• _Task instructions_
In the entries that follow, locate the line with "More Photos Of", then restate that line and all later lines exactly as they appear, leaving pictures out.

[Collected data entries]
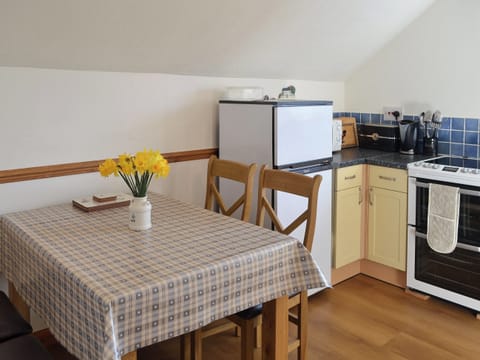 Kitchen/diner | Fron Erch Cottages, Abererch, nr. Pwllheli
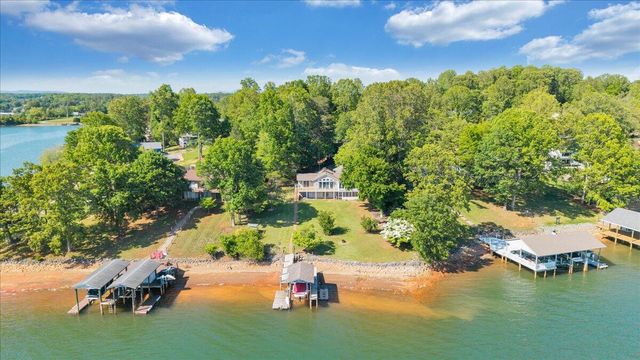 216 Pine Knob CIR, Moneta, VA 24121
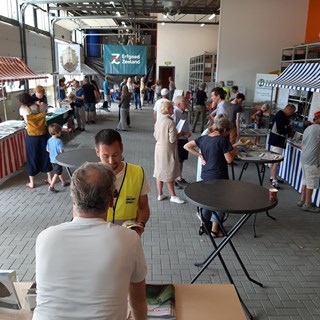 Tijdens de Archeomarkt in juni 2022 zijn verschillende kraampjes opgezet waar bezoekers meer te weten komen over de Zeeuwse Archeologie.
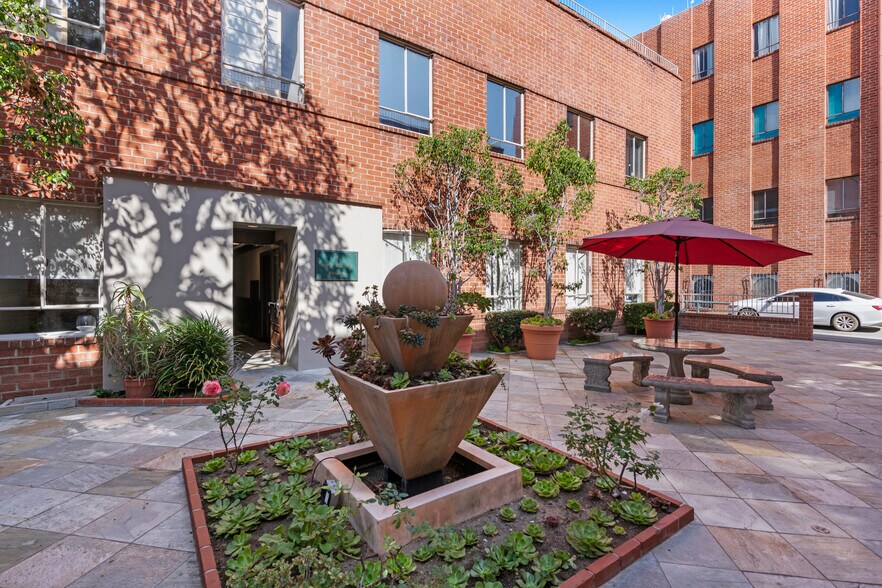 More Photos Of 436 N Roxbury Dr, Beverly Hills Medical For Lease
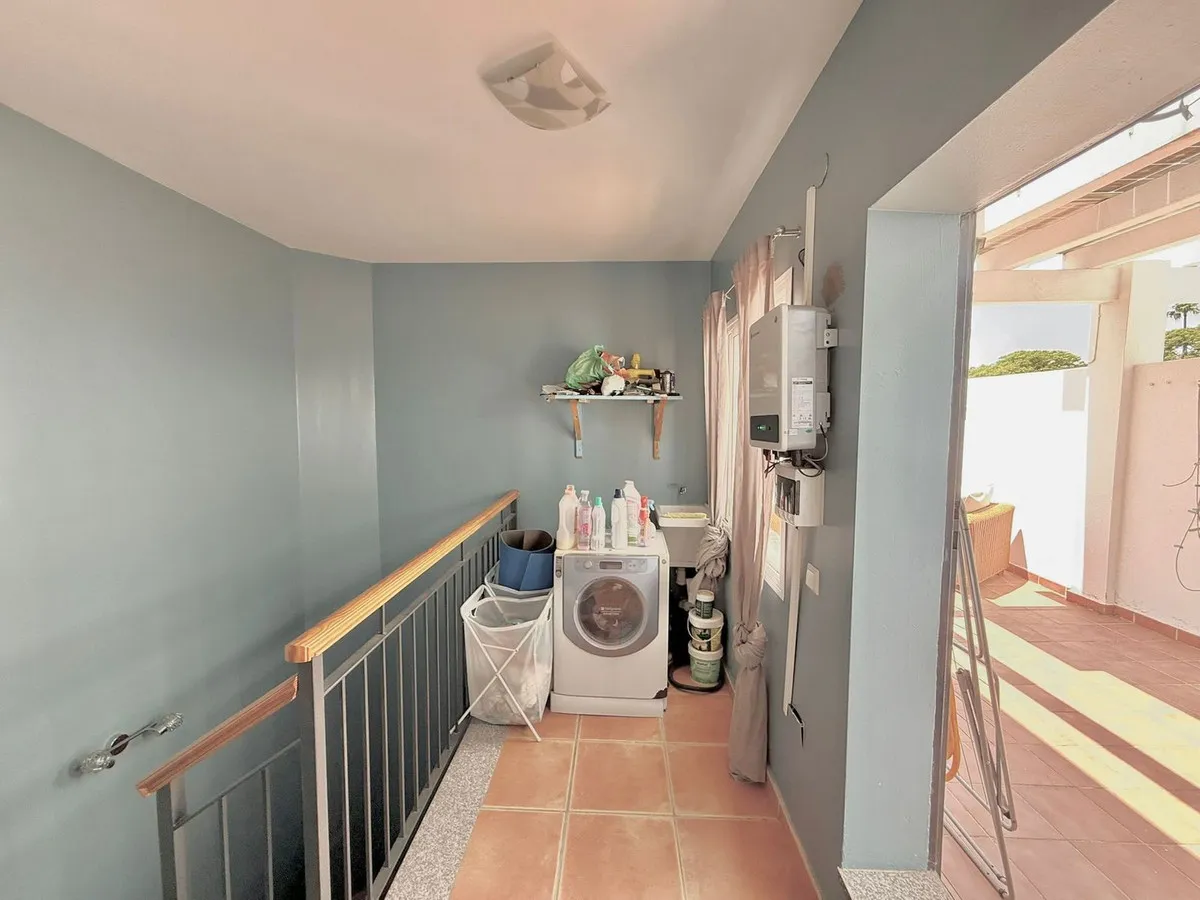 b6b8df6a-06f4-4dee-80d9-f3cabdca111c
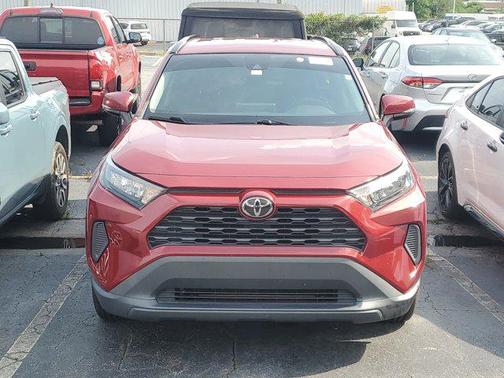 2020 Toyota RAV4 LE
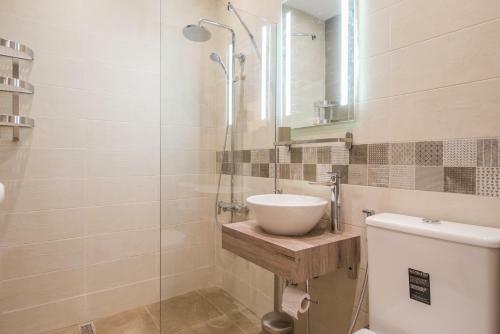Designer & Luxurious, Business, One Bedroom Apartment In Top Central Sofia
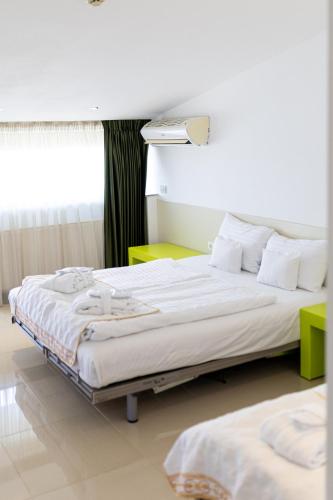 Triple room, economy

• _Answer box_
 More Photos Of 436 N Roxbury Dr, Beverly Hills Medical For Lease
 b6b8df6a-06f4-4dee-80d9-f3cabdca111c
 2020 Toyota RAV4 LE
Designer & Luxurious, Business, One Bedroom Apartment In Top Central Sofia
 Triple room, economy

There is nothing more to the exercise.